Oldham and Sheridan together in last-chance saloon again

Date published: Tuesday 25th January 2022 7:46 - Nathan Spafford

John Sheridan back at Oldham again

If familiarity breeds contempt, nobody passed that memo to John Sheridan and Oldham Athletic, who are set to embark on a fourth permanent and sixth overall tenure together as both man and club look to save their EFL reputation and status.

The Latics are the only one of the 72 EFL clubs who would find positivity in appointing Sheridan given his recent spells as manager of Swindon Town and Wigan Athletic. Such is his high turnover rate, they were just two of the jobs he held in 2020 alone, also taking in stints at Chesterfield and Waterford.

Since his last brief spell in charge at Boundary Park in 2017, Sheridan has been appointed manager of seven clubs, including Saturday evening’s appointment of the Oldham fan favourite once more, making his name something of a mockery in Football League circles.

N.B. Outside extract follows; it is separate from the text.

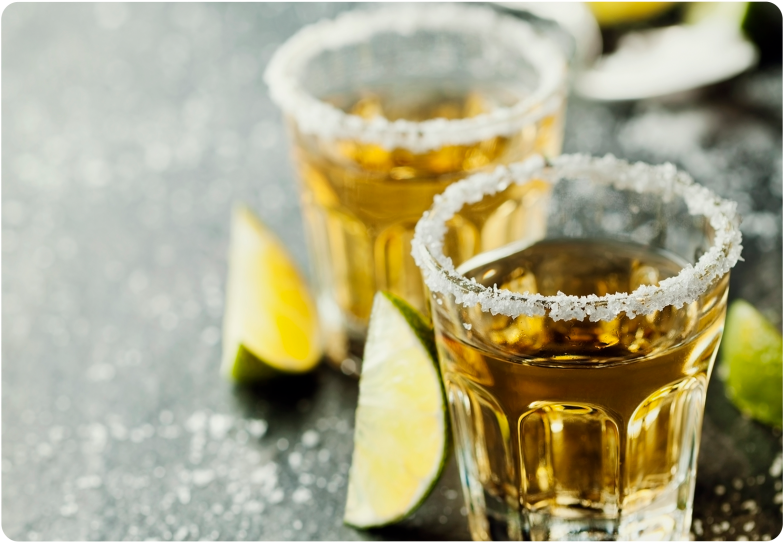 Salt Rimmed Tequila Shots With Lime Wedges PNG Image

Oldham fans have become used to being made a mockery of, with Abdallah Lemsagem’s poisonous ownership leaving them on the brink of being the first ex-Premier League club to be relegated out of the Football League. Supporters have tried everything in their power to overcome the troubles in the hierarchy, from pitch invasions to boycotting their beloved Boundary Park completely.

There was something almost romantic – albeit not from Oldham’s view – in one of the EFL’s newest sides Harrogate Town defeating the Greater Manchester side 3-0, prompting the end of Selim Benachour’s ill-fitting caretaker stint. Winless in eight, Oldham are rock bottom in more ways than one and seven points adrift of safety with an inferior goal difference.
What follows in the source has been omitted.